To a considerable extent the funny stuff works in a laughing-in-spite-of-yourself way. For example, one might feel reluctant to credit Brooks with a stroke of comic genius for giving Cloris Leachman's Madame Defarge character a facial wart in a phallic shape. Nevertheless, there is something irresistably hilarious about the sight of Leachman scowling through revolutionary meetings with that ludicrous appendage twitching on her hairy chin.

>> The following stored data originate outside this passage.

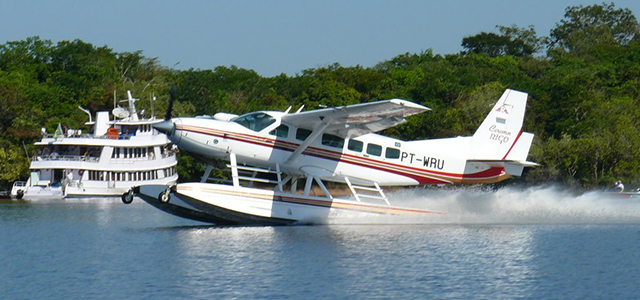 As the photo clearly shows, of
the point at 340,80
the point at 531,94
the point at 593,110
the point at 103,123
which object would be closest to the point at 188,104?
the point at 340,80

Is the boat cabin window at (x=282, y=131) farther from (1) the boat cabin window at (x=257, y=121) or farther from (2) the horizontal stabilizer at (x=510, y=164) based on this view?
(2) the horizontal stabilizer at (x=510, y=164)

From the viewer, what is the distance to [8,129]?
5594 centimetres

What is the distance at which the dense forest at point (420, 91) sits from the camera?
49.4 meters

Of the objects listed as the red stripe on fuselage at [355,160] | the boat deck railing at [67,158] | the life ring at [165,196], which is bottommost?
the boat deck railing at [67,158]

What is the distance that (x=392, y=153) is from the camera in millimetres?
27219

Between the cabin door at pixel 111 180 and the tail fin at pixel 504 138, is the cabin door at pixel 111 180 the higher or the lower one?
the lower one

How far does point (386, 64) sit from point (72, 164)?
41.2 meters

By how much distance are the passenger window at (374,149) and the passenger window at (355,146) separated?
0.90ft

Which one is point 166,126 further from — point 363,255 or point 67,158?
point 67,158

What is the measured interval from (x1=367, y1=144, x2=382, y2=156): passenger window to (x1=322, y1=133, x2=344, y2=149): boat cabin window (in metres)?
0.83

In addition, the cast is loaded with familiar and semi-familiar comics and noteworthy bit players. The passing parade includes Sid Caesar, Howard Morris, Dom DeLuise, Madeline Kahn, Harvey Korman, Ron Carey, Gregory Hines, Shecky Greene, Beatrice Arthur, Charlie Callas, Paul Mazursky, Jack Riley, Art Metrano, Fritz Feld, Hugh Hefner, Pat McCormick, Sid Gould, Ronny Graham, John Hurt, Jackie Mason, Jack Carter, Jan Murray, Spike Milligan, John Hillerman, Sidney Lassick, John Gavin and even a flock of Playboy models, representing Brooks' conception of vestal virgins. The volume helps sustain the impression of a cheerful costume party even though the appearances may be fleeting.
Most of the segments are also fleeting. Brooks manages to sustain a comic plot only during the Roman segment, the longest but also snappiest portion of the show. His impersonation of Moses suggests that he might be sensational doing a definitive number on De Mille's "The Ten Commandments." Brooks appears in all five chapters, but he hasn't invented a character or thematic conceit to hold the parts together.
Brooks does some skating on thin ice, especially with an outrageous reenactment of The Last Supper, and a song-and-dance extravaganza on the Spanish Inquisition. In the latter, Brooks can't finesse the grotesqueness of a production number set in a torture chamber, with Orthodox Jewish victims doing patter recitative in the manner of Henry Higgins in "My Fair Lady." Ultimately, Brooks' own apprehension about the ugly implications seems to inspire him to cancel everything out by bringing on a chorus of bathing beauties for a parody of an old Esther Williams water ballet.
Despite these conspicuous slip-ups, "History" is certainly an abundant scrapbook of gratuitous laughs, and it represents a considerable improvement over "High Anxiety," where Brooks' comic instincts appeared to be flickering out.